I see two ways to think about this:
1. The real problem is the interaction between `INLINE` and the invisible
CallStacks. Normally the programmer can see the entire definition that
would be inlined because he just wrote it. So GHC can expect the
programmer to make an informed decision about whether a given definition
should be unconditionally inlined.
CallStacks change this because they're invisible to the programmer, GHC
inserts them automatically. Worse, they're a sizeable datatype containing
three Strings per call-site. For example, a simple call to `error` goes
from the source-level
{{{
error "bad"
}}}
to something like
{{{
error [("error", SrcLoc 1 1 1 8 "file.hs" "Main")] "bad"
}}}
We can't reasonably expect programmers to account for such invisible
expressions when deciding whether to add an `INLINE` pragma.
So perhaps a reasonable principle would be that '''GHC should not inline
terms that the programmer did not write'''. At the moment I think this
would only apply to CallStacks and dictionaries, but dictionaries are
already top-level values so they shouldn't be dragged along the way
CallStacks are.
2. Perhaps inlining the code to build the CallStack is not so bad (I don't
really know how to judge that), but the real problem is inlining the three
string literals. It does seem quite silly to inline string literals, why
should we need more than one copy?

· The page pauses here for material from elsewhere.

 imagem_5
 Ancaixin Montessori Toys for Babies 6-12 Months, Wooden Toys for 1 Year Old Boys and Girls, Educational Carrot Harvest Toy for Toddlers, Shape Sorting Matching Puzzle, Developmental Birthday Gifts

GHC already floats string literals to
top-level binders, but it doesn't know that it can reuse literals from
imported modules. In this case the principle would be that '''there should
only be one copy of any given string literal''' (per package?).

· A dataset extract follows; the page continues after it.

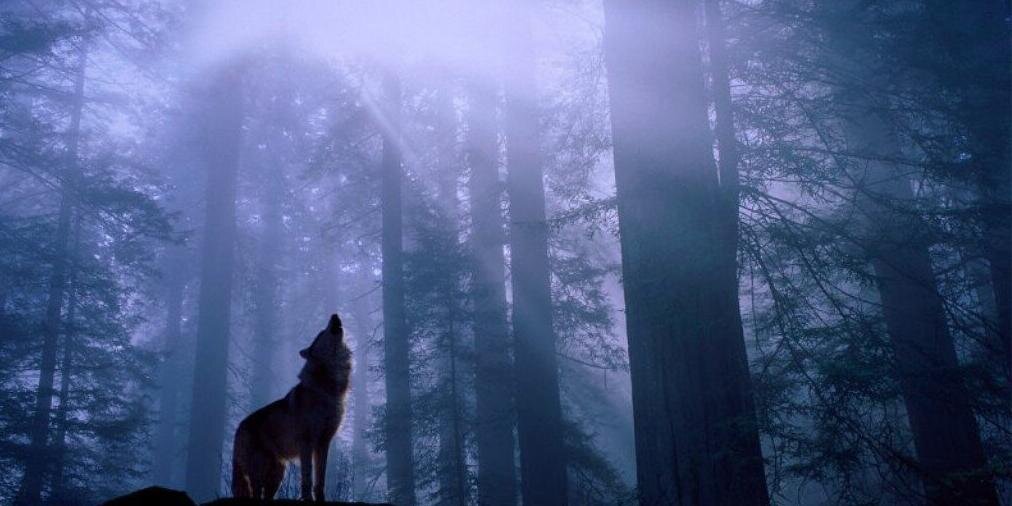 tsumewulf's profile banner image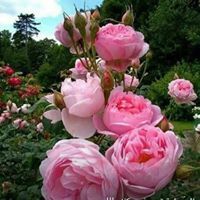 ورد الياسمين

So perhaps a Module could export a list of all string literals it
allocated. Then a final simplification pass could replace literals with
references to the literals that were already allocated in imported
modules. This would leave the unfoldings unchanged and should not affect
any opportunities for optimization, while still allowing us to clean up
after the inliner.
These both seem like reasonable principles to me, but only the second
would help with my callstack-free example in comment:9.